* _EXERCISE INSTRUCTIONS_: Retype the whole listing, please, keeping every line exact and dropping the pictures.

BEGIN GIVEN MATERIAL

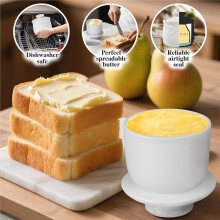 Buttertopf mit Verbessertem Deckel, Französische Butterdose Aus Porzellan, Butterdose für Streichfähige Butter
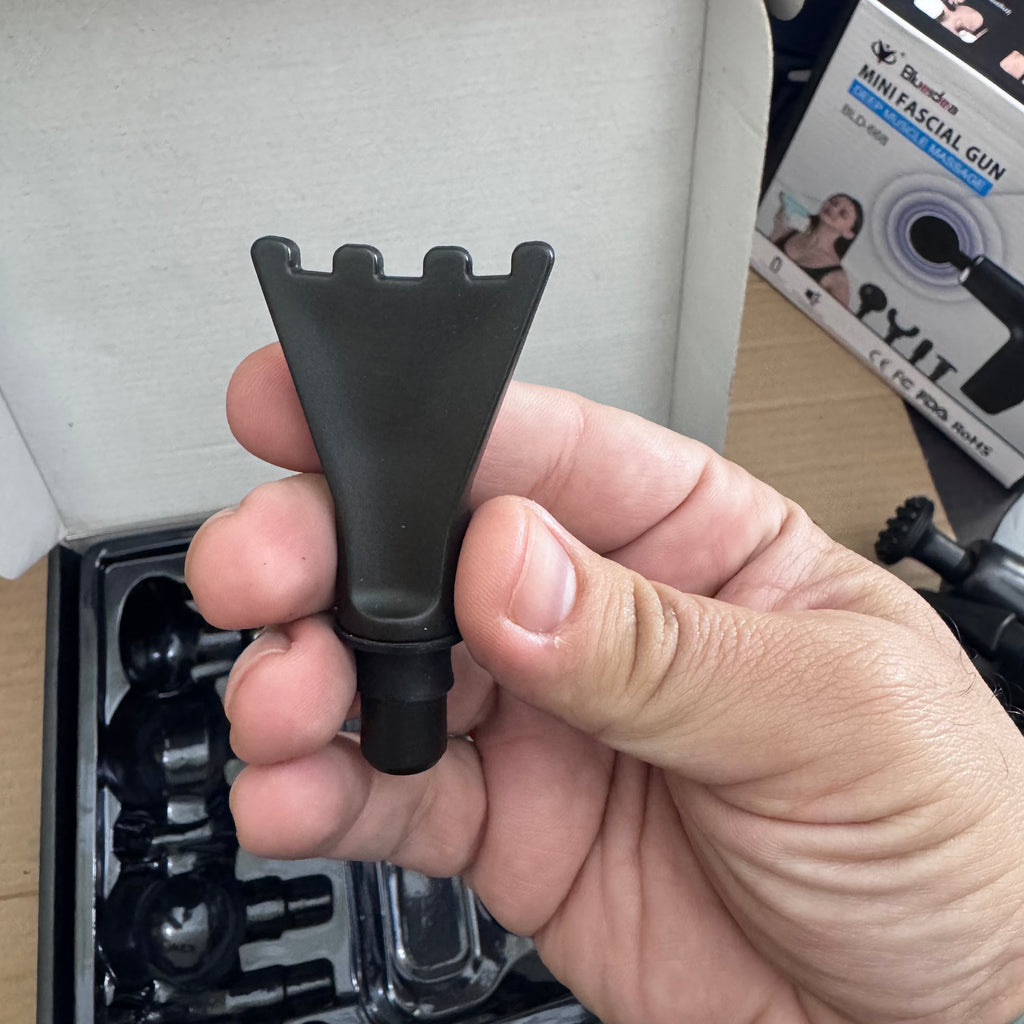 Lot Imported Blueidea LCD Display Fascial Gun – Deep Muscle Massage Gun with 8 Heads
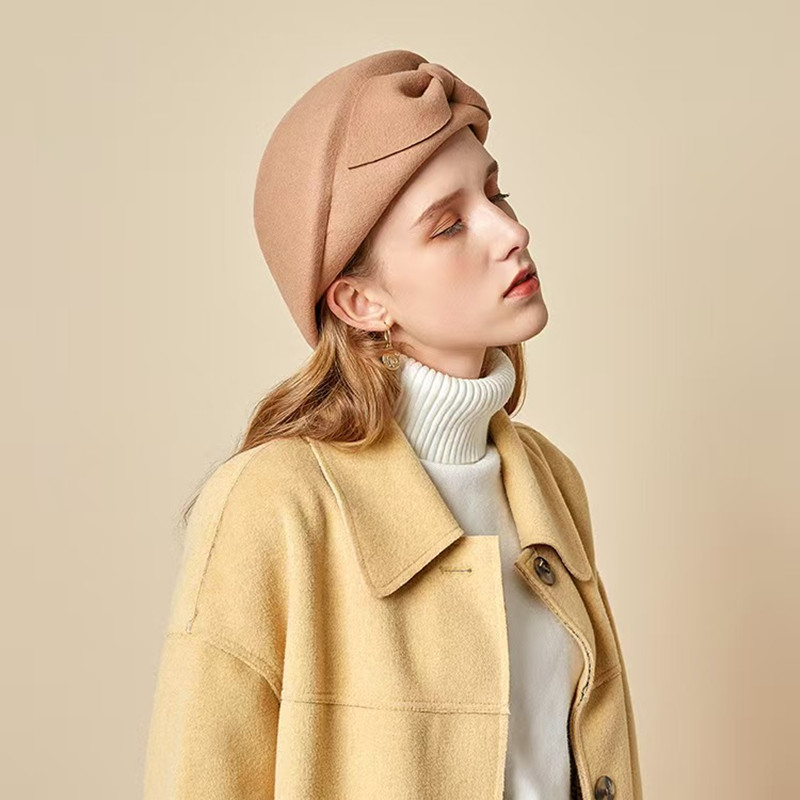 الصوف خمر الصوف الدافئ الشتاء  - مراجعة Beret French Wool وسعره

END GIVEN MATERIAL

* _RESULT FOR THIS TASK_:
 Buttertopf mit Verbessertem Deckel, Französische Butterdose Aus Porzellan, Butterdose für Streichfähige Butter
 Lot Imported Blueidea LCD Display Fascial Gun – Deep Muscle Massage Gun with 8 Heads
 الصوف خمر الصوف الدافئ الشتاء  - مراجعة Beret French Wool وسعره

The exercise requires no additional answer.